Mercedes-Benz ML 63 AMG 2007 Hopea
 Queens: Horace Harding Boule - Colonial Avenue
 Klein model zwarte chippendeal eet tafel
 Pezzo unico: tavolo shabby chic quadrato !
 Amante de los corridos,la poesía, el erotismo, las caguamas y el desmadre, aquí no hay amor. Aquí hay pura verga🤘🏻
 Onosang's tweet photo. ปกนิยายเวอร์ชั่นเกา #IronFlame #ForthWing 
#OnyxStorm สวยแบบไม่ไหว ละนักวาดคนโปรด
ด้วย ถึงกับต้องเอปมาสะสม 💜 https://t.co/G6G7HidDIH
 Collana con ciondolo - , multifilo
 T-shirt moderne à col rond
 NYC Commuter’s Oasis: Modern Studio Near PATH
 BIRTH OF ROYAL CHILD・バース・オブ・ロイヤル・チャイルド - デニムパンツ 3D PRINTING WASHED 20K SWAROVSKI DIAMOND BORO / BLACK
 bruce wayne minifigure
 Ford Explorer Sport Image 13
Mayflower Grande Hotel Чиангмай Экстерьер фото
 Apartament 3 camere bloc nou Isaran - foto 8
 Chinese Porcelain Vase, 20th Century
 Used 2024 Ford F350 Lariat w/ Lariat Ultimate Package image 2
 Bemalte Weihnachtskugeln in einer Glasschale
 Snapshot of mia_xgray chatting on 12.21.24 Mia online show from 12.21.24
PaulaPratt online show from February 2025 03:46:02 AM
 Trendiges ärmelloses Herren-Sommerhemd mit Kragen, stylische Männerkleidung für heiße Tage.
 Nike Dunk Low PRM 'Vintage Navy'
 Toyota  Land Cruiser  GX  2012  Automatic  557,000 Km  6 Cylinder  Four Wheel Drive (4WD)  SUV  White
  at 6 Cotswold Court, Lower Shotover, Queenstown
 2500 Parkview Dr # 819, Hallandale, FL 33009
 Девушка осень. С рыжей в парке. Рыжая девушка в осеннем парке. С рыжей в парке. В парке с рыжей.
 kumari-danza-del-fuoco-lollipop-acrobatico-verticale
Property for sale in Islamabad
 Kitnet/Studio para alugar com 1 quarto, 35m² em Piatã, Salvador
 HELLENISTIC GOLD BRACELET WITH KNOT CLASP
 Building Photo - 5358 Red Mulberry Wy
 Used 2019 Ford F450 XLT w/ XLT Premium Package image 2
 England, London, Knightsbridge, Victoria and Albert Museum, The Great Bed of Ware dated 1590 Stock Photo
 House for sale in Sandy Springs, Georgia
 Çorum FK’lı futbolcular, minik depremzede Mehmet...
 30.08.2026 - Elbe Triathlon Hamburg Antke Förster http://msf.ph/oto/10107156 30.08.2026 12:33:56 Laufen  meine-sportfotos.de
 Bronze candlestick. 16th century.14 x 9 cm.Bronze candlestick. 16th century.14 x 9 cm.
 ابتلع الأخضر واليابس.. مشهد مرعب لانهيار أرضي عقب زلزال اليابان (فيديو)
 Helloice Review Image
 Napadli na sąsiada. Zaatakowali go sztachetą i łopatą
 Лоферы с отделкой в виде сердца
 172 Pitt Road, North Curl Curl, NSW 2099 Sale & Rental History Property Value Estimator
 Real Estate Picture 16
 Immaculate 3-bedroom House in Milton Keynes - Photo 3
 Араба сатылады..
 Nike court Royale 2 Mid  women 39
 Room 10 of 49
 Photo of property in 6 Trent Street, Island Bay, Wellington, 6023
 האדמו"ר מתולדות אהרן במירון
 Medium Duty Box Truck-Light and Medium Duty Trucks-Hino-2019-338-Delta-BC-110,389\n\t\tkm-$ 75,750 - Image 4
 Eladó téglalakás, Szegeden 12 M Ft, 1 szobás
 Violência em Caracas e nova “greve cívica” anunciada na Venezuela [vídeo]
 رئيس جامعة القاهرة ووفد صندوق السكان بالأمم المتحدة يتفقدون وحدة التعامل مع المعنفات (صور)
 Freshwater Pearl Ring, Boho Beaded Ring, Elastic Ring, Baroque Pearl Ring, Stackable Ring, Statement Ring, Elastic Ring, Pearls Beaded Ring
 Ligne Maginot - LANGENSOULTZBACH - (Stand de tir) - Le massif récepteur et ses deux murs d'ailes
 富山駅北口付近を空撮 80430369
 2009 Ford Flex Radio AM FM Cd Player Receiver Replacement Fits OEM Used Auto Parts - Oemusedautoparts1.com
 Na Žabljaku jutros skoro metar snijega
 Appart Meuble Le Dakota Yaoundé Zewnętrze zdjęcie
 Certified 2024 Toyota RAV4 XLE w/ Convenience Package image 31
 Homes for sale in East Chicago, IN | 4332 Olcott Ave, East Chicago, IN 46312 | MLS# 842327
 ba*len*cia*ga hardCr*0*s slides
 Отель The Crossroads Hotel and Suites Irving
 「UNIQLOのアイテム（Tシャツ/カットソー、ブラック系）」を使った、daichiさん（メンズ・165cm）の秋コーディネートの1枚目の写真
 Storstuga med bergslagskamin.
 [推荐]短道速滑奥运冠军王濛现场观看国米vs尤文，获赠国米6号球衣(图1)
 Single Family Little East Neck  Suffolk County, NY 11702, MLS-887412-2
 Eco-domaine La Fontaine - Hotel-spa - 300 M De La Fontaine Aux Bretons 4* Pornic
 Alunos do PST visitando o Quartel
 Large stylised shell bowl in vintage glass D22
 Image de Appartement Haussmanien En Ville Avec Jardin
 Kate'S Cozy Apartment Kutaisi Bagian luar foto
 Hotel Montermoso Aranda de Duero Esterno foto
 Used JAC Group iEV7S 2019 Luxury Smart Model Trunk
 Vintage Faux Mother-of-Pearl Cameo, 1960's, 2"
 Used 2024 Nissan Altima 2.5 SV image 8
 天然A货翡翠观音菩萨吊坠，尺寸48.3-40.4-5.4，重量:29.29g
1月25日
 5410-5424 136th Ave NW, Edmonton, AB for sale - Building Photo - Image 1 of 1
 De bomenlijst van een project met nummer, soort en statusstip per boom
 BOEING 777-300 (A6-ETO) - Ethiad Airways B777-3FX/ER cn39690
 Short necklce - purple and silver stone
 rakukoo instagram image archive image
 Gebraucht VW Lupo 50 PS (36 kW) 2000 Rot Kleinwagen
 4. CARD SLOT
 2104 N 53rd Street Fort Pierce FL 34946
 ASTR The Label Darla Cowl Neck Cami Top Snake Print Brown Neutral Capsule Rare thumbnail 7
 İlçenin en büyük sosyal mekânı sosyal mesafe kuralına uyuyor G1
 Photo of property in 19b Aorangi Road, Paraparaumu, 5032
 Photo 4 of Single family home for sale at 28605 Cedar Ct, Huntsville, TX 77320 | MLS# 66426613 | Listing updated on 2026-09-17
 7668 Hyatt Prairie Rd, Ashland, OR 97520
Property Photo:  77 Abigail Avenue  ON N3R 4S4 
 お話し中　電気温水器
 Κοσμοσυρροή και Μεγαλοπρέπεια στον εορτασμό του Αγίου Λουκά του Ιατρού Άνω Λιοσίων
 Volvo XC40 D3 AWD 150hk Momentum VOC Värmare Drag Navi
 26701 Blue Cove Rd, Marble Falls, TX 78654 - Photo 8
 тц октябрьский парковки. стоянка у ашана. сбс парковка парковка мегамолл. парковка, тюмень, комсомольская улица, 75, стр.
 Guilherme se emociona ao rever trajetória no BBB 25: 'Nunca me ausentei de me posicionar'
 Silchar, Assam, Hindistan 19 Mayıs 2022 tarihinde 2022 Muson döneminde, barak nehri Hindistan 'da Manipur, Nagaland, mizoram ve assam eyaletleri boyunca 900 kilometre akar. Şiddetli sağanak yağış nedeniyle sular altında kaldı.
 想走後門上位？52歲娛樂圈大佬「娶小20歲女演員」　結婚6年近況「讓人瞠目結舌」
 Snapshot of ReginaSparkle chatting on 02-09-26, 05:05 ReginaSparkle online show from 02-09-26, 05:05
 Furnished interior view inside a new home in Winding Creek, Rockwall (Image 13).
■ ■ ■ ■ ■
EXERCISE DIRECTIONS ▸
Note each line above that contains "from" and copy it out.

EXERCISE RESPONSE ▸
 Snapshot of mia_xgray chatting on 12.21.24 Mia online show from 12.21.24
PaulaPratt online show from February 2025 03:46:02 AM
 Snapshot of ReginaSparkle chatting on 02-09-26, 05:05 ReginaSparkle online show from 02-09-26, 05:05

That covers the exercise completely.